Co-pending and commonly owned application Ser. No. 10/642,376 filed Aug. 14, 2003 and titled “System, Tools and Method for Viewing Textual Documents, Extracting Knowledge Therefrom and Converting the Knowledge into Other Forms of Representation of the Knowledge” describes conversion of text to the local format using an interactive text viewing tool. This tool can automatically identify and extract entities and relationships found in a passage of text, and then provide an interface by which a user can interactively refine and disambiguate the extracted knowledge, which the present invention converts to a local format, thereby greatly improving the accuracy and reliability of the knowledge generated, as a result of the process. The local format serves as a structured way for the user to review and encode the relevant knowledge contained in scientific text. It also serves as a biological object model that can be manipulated by other computational tools. Application Ser. No. 10/642,376 is hereby incorporated by reference herein, in its entirety, by reference thereto.

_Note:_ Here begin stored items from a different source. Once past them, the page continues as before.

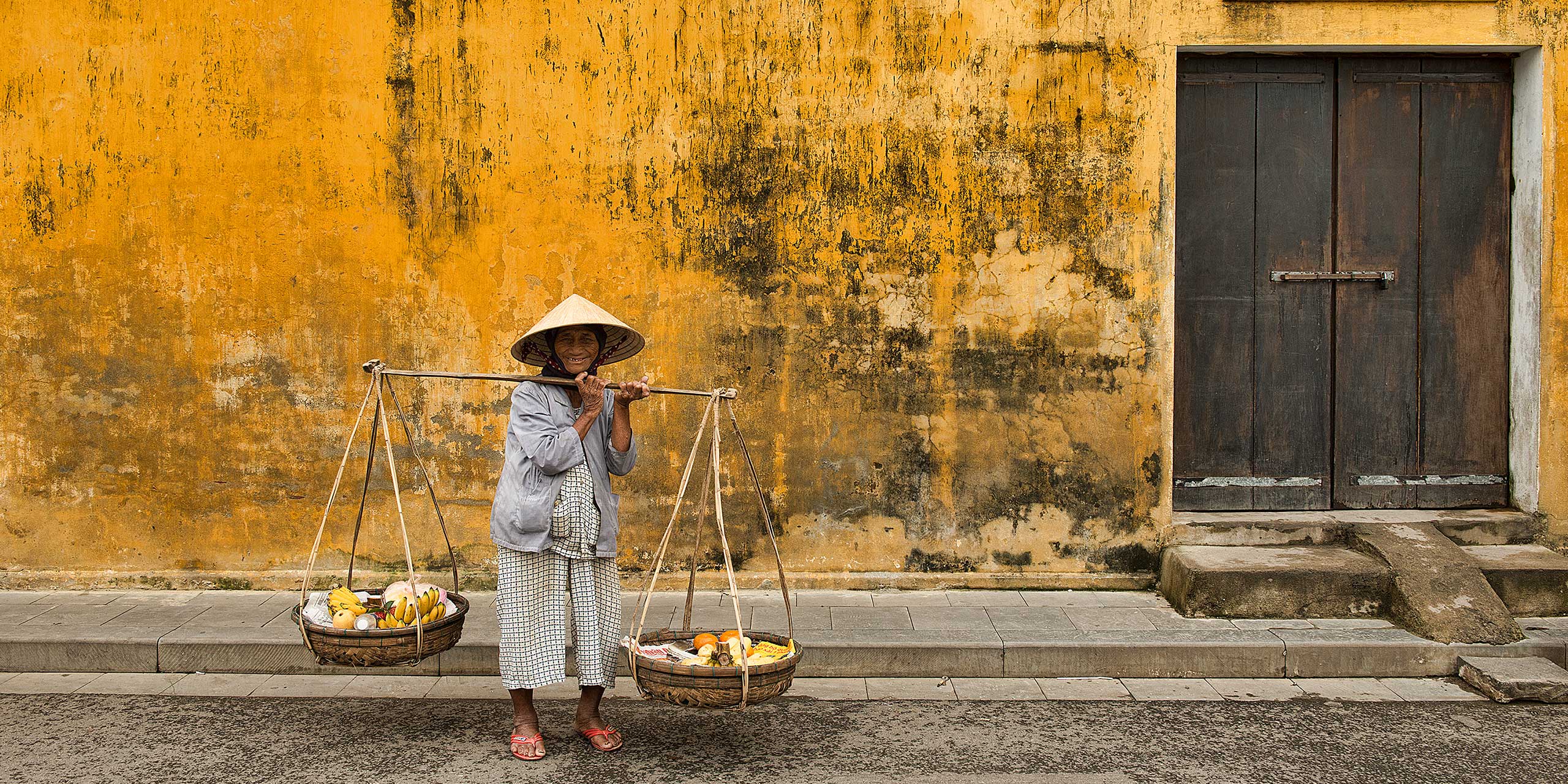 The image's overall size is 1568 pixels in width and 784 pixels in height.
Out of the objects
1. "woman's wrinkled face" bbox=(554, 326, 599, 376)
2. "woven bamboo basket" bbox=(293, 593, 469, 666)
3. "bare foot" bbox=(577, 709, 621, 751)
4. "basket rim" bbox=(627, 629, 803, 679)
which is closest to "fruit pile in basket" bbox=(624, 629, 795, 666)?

Co-pending and commonly assigned application Ser. No. 10/641,492 filed Aug. 14, 2003 and titled “Method and System for Importing, Creating and/or Manipulating Biological Diagrams” discloses systems and methods for mapping biological concepts and relationships to regions, on graphical images that have biological semantic meaning, where those concepts and relationships are located. Such superimposition allows researchers to examine their data of interest in the form that they prefer (e.g., native data format, text format or graphical format) in the context of previously defined knowledge which is represented by the diagram. Moreover, such an overlay can allow for easy understanding of data with respect to a static model represented by the diagram.
Biological diagrams may be generated from a variety of input formats. The system may import graph data structures from pre-existing databases, for example. Separate import modules may serve on a database-specific basis to allow a biological diagram to be created given information in the format of each such specific database. A collection of local format objects may be imported to the system to construct a biological diagram. Diagrams created and/or imported by the present system may be saved and loaded.

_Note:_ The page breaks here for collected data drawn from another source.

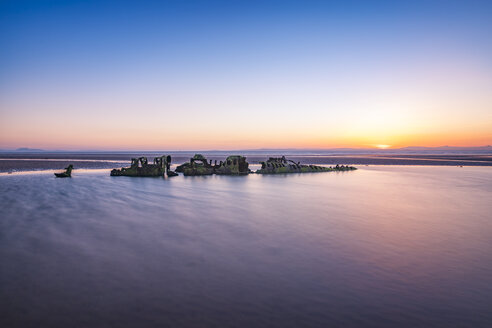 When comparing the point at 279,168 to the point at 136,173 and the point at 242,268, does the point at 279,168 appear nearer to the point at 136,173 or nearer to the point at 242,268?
the point at 136,173

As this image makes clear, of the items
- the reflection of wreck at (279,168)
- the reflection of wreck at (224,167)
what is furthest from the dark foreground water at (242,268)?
the reflection of wreck at (279,168)

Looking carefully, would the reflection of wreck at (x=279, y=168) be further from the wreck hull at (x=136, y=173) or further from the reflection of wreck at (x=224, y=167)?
the wreck hull at (x=136, y=173)

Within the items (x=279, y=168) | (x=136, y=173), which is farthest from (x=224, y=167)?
(x=136, y=173)

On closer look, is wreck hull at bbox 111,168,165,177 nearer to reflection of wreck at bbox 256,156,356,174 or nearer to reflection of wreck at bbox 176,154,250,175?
reflection of wreck at bbox 176,154,250,175

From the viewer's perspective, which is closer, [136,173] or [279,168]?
[136,173]

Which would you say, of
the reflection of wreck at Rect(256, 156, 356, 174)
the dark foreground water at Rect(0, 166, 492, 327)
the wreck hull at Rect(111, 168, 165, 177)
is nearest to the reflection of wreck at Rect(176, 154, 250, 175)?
the reflection of wreck at Rect(256, 156, 356, 174)

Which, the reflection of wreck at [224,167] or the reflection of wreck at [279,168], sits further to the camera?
the reflection of wreck at [279,168]

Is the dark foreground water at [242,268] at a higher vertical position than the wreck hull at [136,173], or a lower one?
lower

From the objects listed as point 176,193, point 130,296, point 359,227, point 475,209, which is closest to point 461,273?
point 359,227

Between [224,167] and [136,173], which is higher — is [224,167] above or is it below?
above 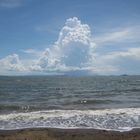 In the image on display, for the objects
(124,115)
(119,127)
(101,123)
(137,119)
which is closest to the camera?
(119,127)

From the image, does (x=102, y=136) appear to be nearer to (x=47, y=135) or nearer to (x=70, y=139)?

Another functionality provided is the ability to import static graphical images and convert them to interactive biological diagrams. For example, a system may process an image of a biological diagram and determine a mapping to the coordinates of biological concepts found in the graphic. As noted above, the system can process diagrams from virtually any source. Examples of such sources include, but are by no means limited to: Boehringer-Mannheim charts, Kyoto Encyclopedia of Genes and Genomes (KEGG), and directed acyclic graphs of the Gene Ontology (GO) classification scheme. The system may also simultaneously make use of a combination of diagrams from a single source or a combination of sources. Further details and capabilities of the above-described systems and methods are found in application Ser. No. 10/641,492, which is hereby incorporated herein, in its entirety, by reference thereto.
Co-pending, commonly assigned application Ser. No. 10/784,523 filed on Feb. 23, 2004 and titled “System, Tools and Method for Constructing Interactive Biological Diagrams” provides a visual grammar, to accompany the local format, and to represent interrelationships amongst biological entities and activities. The visual grammar is based upon a library of stencils that graphically represent common types of biological entities and connections between them. The present invention also provides lightweight software tools for composing and editing the stencils, as well as tools for linking the elements of stencils, and their values, to other data elements, datasets, and the local format. Stencils may be comprised of graphical elements, such as shapes (e.g. rectangles, ovals), lines, arcs, arrows, and text. These elements have biological semantics; that is, elements represent types of biological entities, such as genes, proteins, RNA, metabolites, compounds, drugs, complexes, cell, tissue, organisms, biological relationship, disease, or the like.
The biological semantics facilitate linking of the stencils with other forms of biological data. Further, stencils represent composites of biological activity, and therefore may function like “macros” for easier and more rapid building of biological diagrams. Stencils permit two-way interactions between textual documents and diagrams, or between diagrams and other forms of data such as experimental data, for example. Further stencils support user-controlled graphical exploration of alternatives, such as alternatives to pre-existing diagrams. Stencils may be used collaboratively among multiple users, whether by providing a blank set of stencils as a starter template, sharing of filled-in stencils, collaboratively filling in stencils, or any combination of these. Further details about stencils and systems for building biological diagrams are found in application Ser. No. 10/784,523, which is hereby incorporated herein, in its entirety, by reference thereto.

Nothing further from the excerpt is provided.